By Florian Pfab, M.D.
Viewpoints presented in SMB commentaries reflect opinions of the authors and do not necessarily reflect positions or policies of ACSM.
Florian Pfab, M.D., is a board-certified specialist in dermatology, sports medicine and acupuncture and holds the rank of professor at the Technische Universität in Munich, Germany. He is the medical director of the German Bundesliga soccer team FC Ingolstadt, which currently leads the German Bundesliga in statistics for least time-loss due to injuries (see www.fussballverletzungen.com). He also is a consulting physician for several other professional German and international sports teams.
This commentary presents Dr. Pfab’s views on the topic of a research article which he and other colleagues had published in the February 2017 issue of Medicine and Science in Sports and Exercise®.
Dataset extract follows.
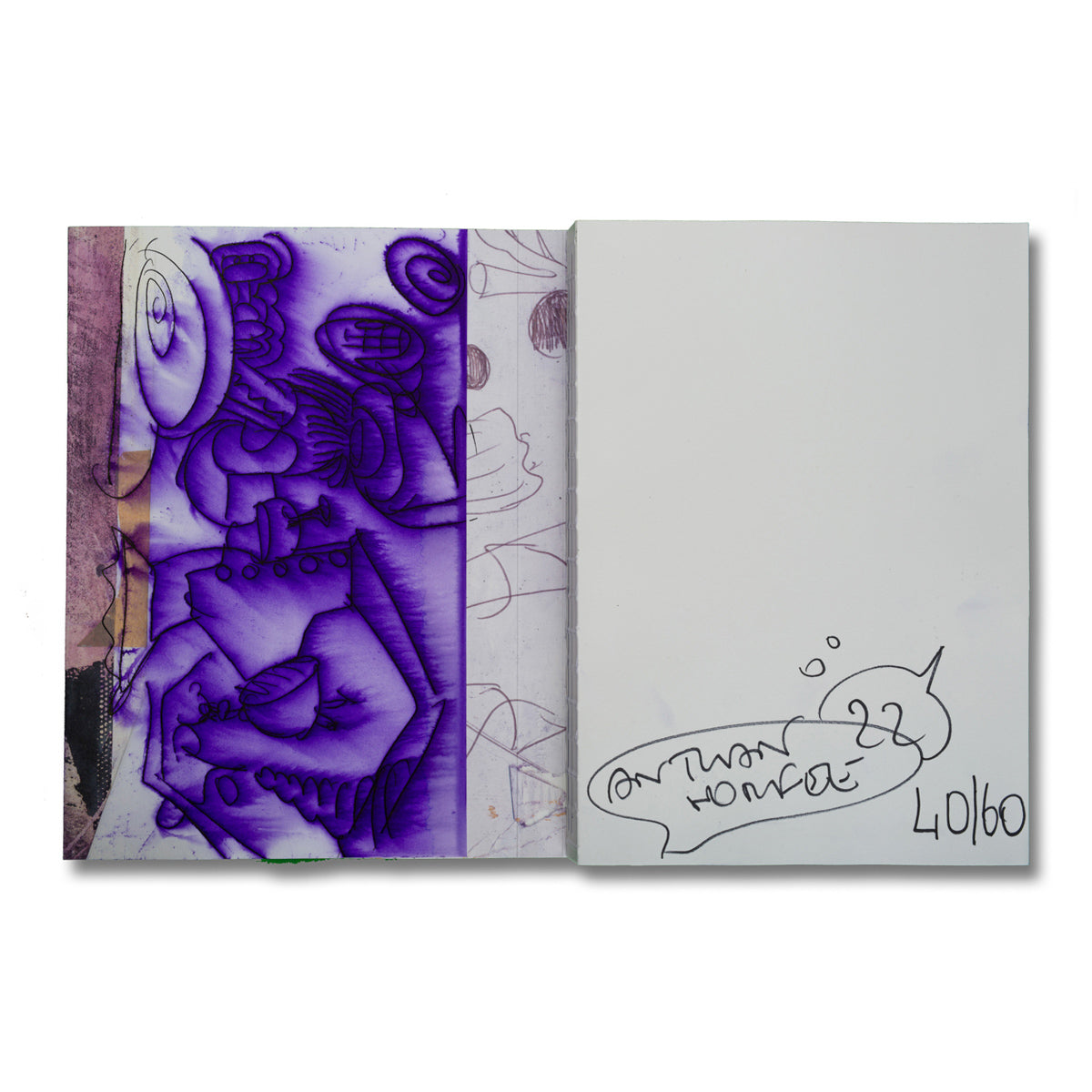 Purple Rains - Special Edition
Although muscle injuries are the most common reason for presentation to a sports medical specialist and the most common time-loss injury in professional sports, scientific evidence for prevention or treatment of muscle injuries is still scarce. Some of the risk factors for muscle injuries — tightness of muscles, previous muscle injury, strength imbalances and reduced flexibility — are linked to myofascial trigger points (TrPs). TrPs are hyperirritable points located within a taut band of skeletal muscle or fascia. A method for targeting myofascial trigger points, which has been effective in managing myofascial pain syndromes, is called dry needling. Dry needling is an intervention that involves the insertion of an acupuncture needle into a myofascial trigger point which elicits a local twitch response (more on TrPs).
In our randomized controlled trial involving 30 elite youth soccer players, as published in the February 2017 issue of MSSE, we investigated the effects of four weekly sessions of dry needling plus water/pressure/massage on thigh muscle force and range of motion for hip flexion. The experimental group receiving placebo-LASER plus water/pressure/massage, a second group received placebo laser with water/pressure/massage and the third group had no intervention. Data was collected at baseline, treatment end and at a four-week follow-up. A five-month muscle injury follow-up also was performed.
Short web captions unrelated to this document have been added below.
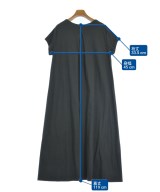 LAUTREAMONT（ロートレアモン）ワンピース 黒 サイズ:38(M位) レディース/2200723834038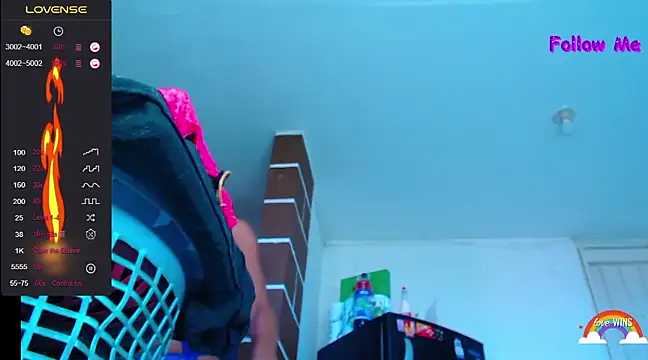 Ts veryhot online show from 01/30/25, 06:54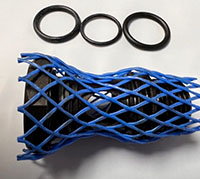 Ingersoll-Rand Swivel - 2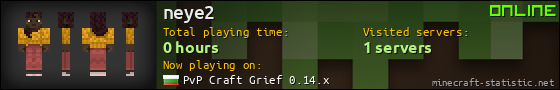 neye2 userbar 560x90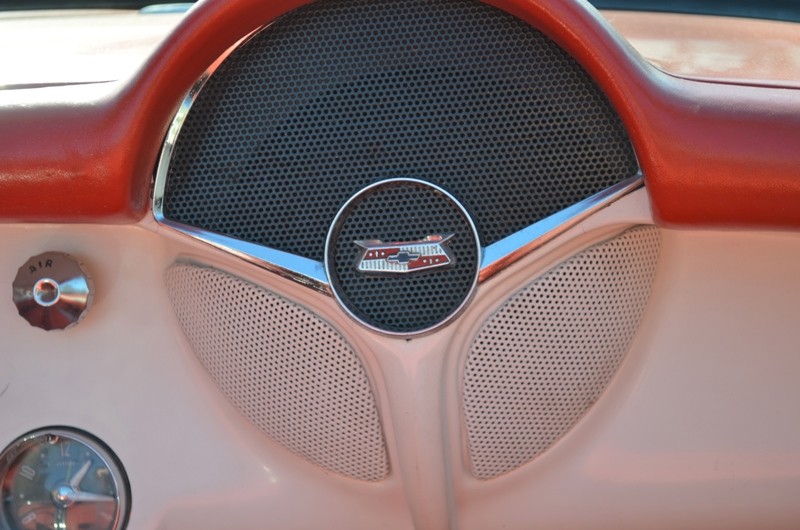Used 1957 Chevrolet Corvette   | Astoria, NY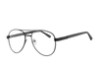 Lente Oftálmico Ellis Eyewear ELLIS1008C Negro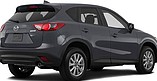 2016 Mazda Cx-5 Photo #3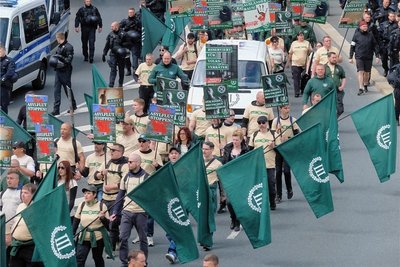 Die Bilder von 2019 sollen sich nicht wiederholen.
The dry needling group showed a significant improvement in muscular endurance and hip flexion range-of-motion that persisted at the four-week follow-up. Also, compared to placebo, the experimental group showed significant improvement in hip flexion that persisted at four weeks post-treatment. Finally, compared to non-intervention control, the dry needling treatment group showed significantly higher maximum knee extensor forces when tested at four weeks post-treatment. Thus, dry needling can be an interesting and promising option for professional athletes who are aiming to improve muscular flexibility and muscular force.
Evidence-based strategies for preventing muscle injuries include injury prevention exercise programs, especially if these include the Nordic hamstring exercise. In addition to our study’s findings, further options aimed at addressing injury risk factors include ice baths and wearing compression garments.